----- Raw data

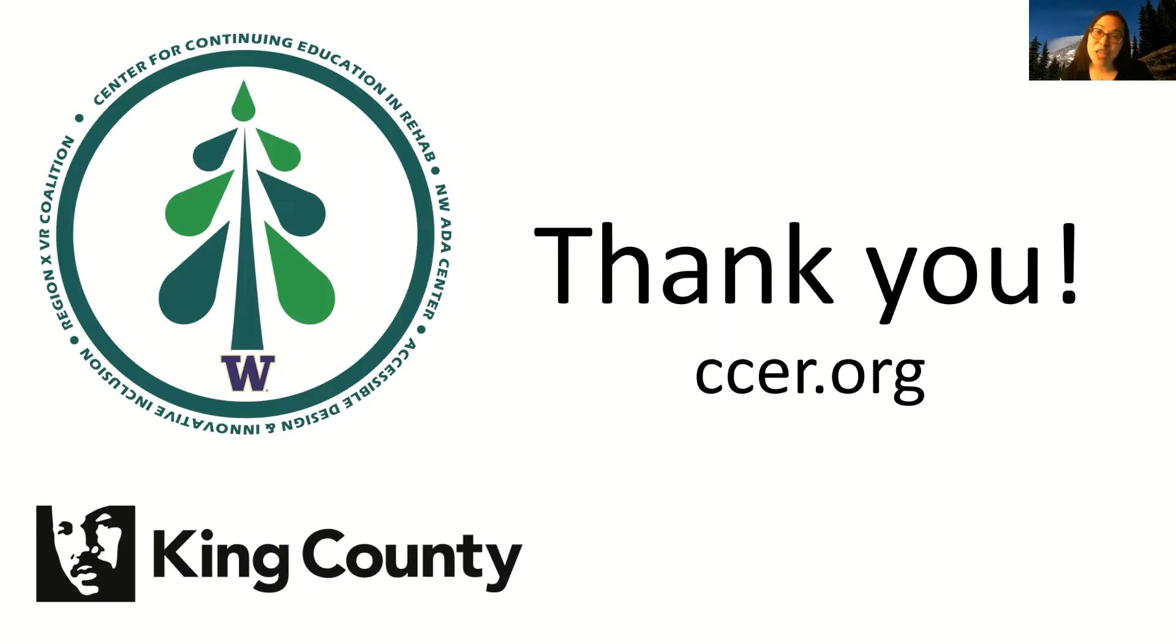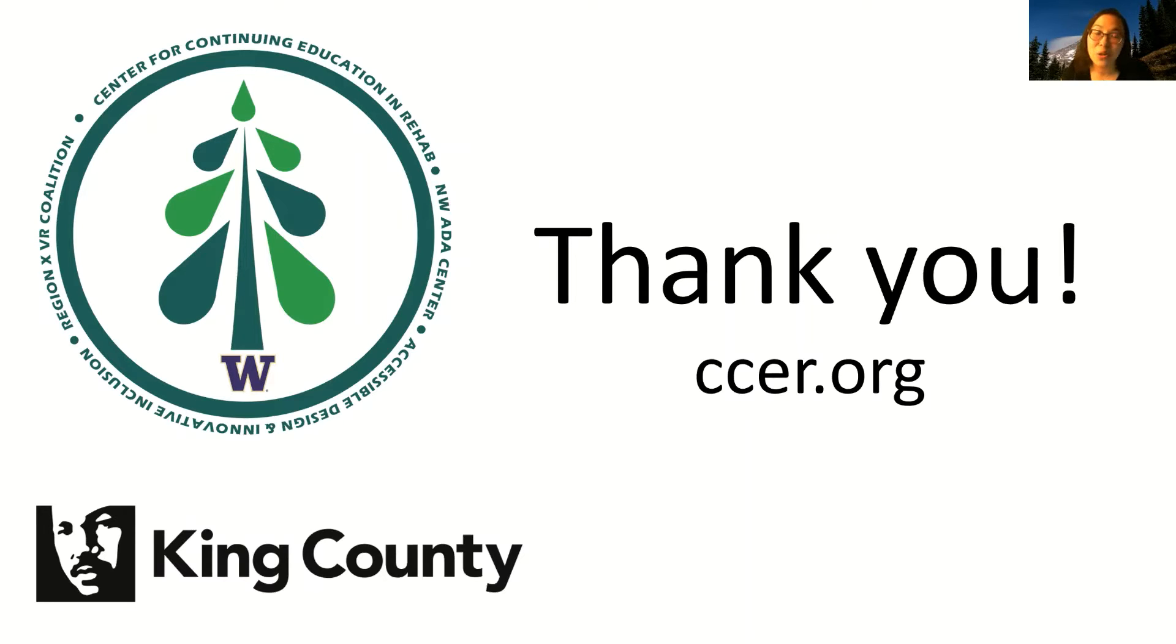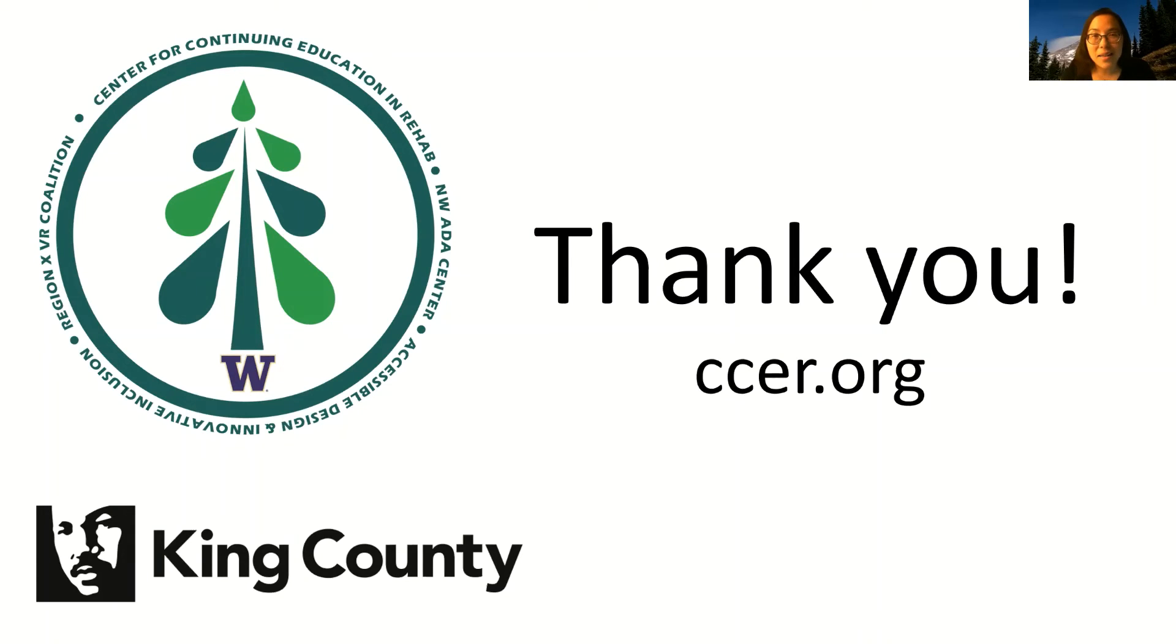Thank you for checking out this video, which is a product of the Accessible Design and Innovative Inclusion Program of the Center for Continuing Education and Rehabilitation, CCER, with grant funding from King County, Washington. For more information about accessibility for people with disabilities, please visit CCER's website at www.CCER.ORG.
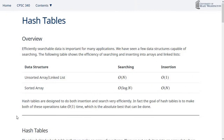The goal of hash tables is to make searching as efficient as possible. We've basically seen two ways that we could use data structures to do searching. One is either an unsorted array or a linked list, which works out the same, and the other is the sorted array. Let's look at the analysis of both so we can see where the numbers are coming from.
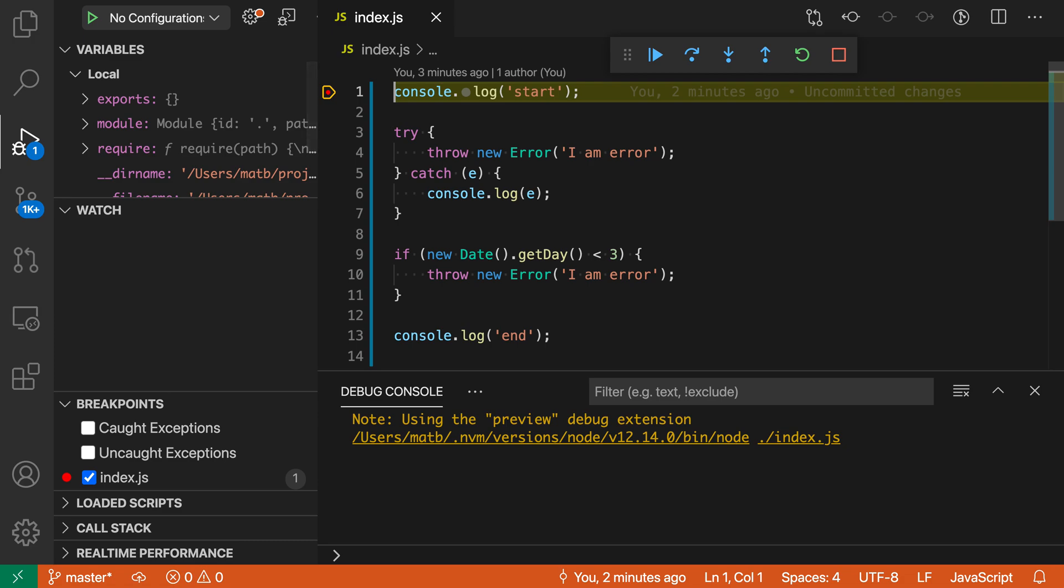And you can see that it has started debugging and hit the breakpoint that I created on the first line. Now if we actually look at this program, you can see that there are two exceptions that are being thrown.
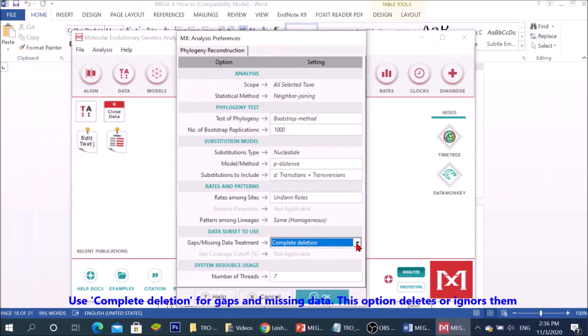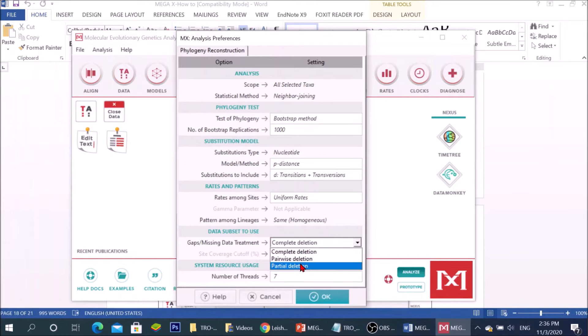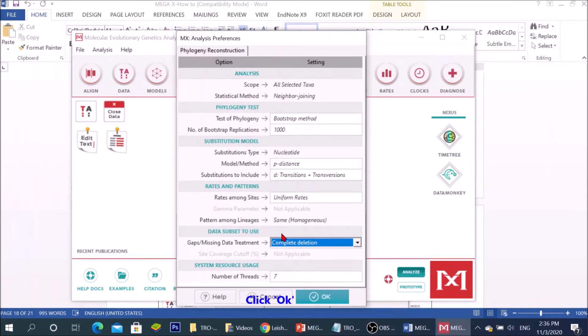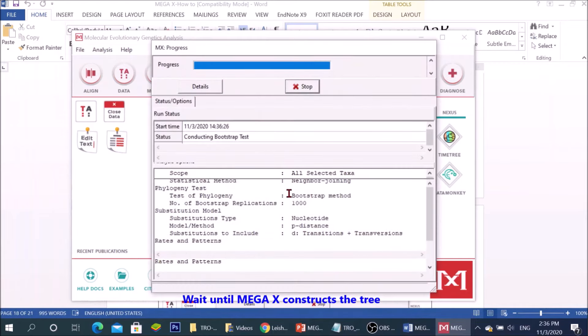This option deletes or ignores them. Click OK. Wait until MEGA constructs the tree.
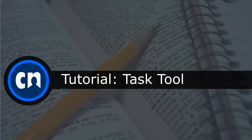Hello and welcome to Course Networking. This tutorial will show you how to use the task tool on CN.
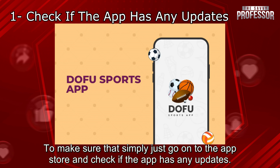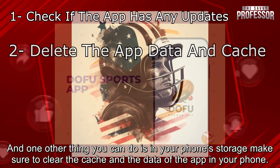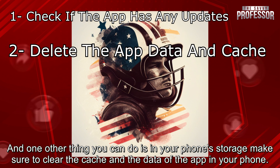To make sure of that, simply just go on to the app store and check if the app has any updates. If it has any updates, update it. And one other thing you can do is in your phone's storage.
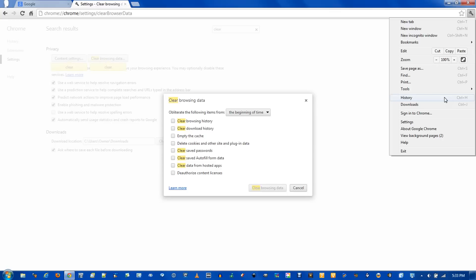Download history is pretty much the same thing, just the files you've downloaded through Chrome, right below history.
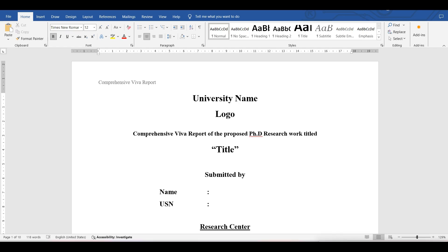Good morning everyone, welcome to Computer Lab Space. Don't forget to check my previous video which is a PhD doctoral committee meeting presentation, or DC meeting one presentation. Today I will take you all through the comprehensive IVA report template — what all the things we need to put in the comprehensive IVA report. So let's start.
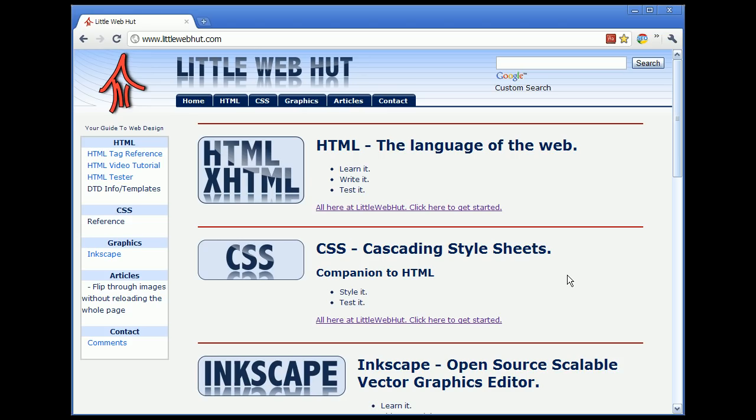This is the fourth in a series of videos designed to teach the basics of HTML. If you are new to HTML and have not yet watched the first three videos in this series, you might want to go back and watch them before watching this video. This video will demonstrate the use of the image tag for placing images on a web page, and the anchor tag for creating links on a web page.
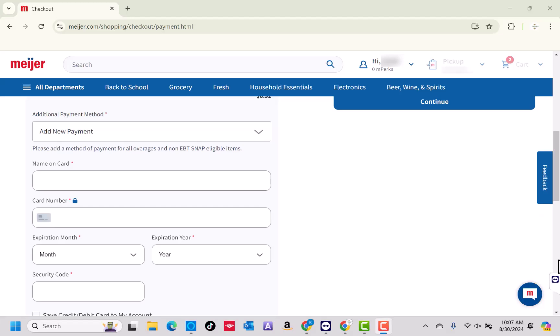Once your card has been added, you can now proceed adding an additional payment method and finish the checkout process. That's how you add your EBT card to Meijer.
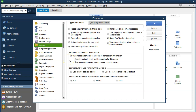Automatically recall information — we have the option to automatically remember account or transaction information. There are two ways this can work: automatically recall last transaction for this name, or pre-fill accounts for vendor based on past entries. These are really nice features — I would choose at least one. When you enter a vendor transaction or record a check, it'll remember what you did last time, which is useful for keeping the account consistent. If you have to re-input the account each time, someone might choose a different account and be inconsistent.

----------

Nothing but the lines from the one with "Good morning everyone, welcome" to the one with "Once your card" above, both included, should be transcribed, exactly and without pictures.

Solved exercise >>
Good morning everyone, welcome to Computer Lab Space. Don't forget to check my previous video which is a PhD doctoral committee meeting presentation, or DC meeting one presentation. Today I will take you all through the comprehensive IVA report template — what all the things we need to put in the comprehensive IVA report. So let's start.
This is the fourth in a series of videos designed to teach the basics of HTML. If you are new to HTML and have not yet watched the first three videos in this series, you might want to go back and watch them before watching this video. This video will demonstrate the use of the image tag for placing images on a web page, and the anchor tag for creating links on a web page.
Once your card has been added, you can now proceed adding an additional payment method and finish the checkout process. That's how you add your EBT card to Meijer.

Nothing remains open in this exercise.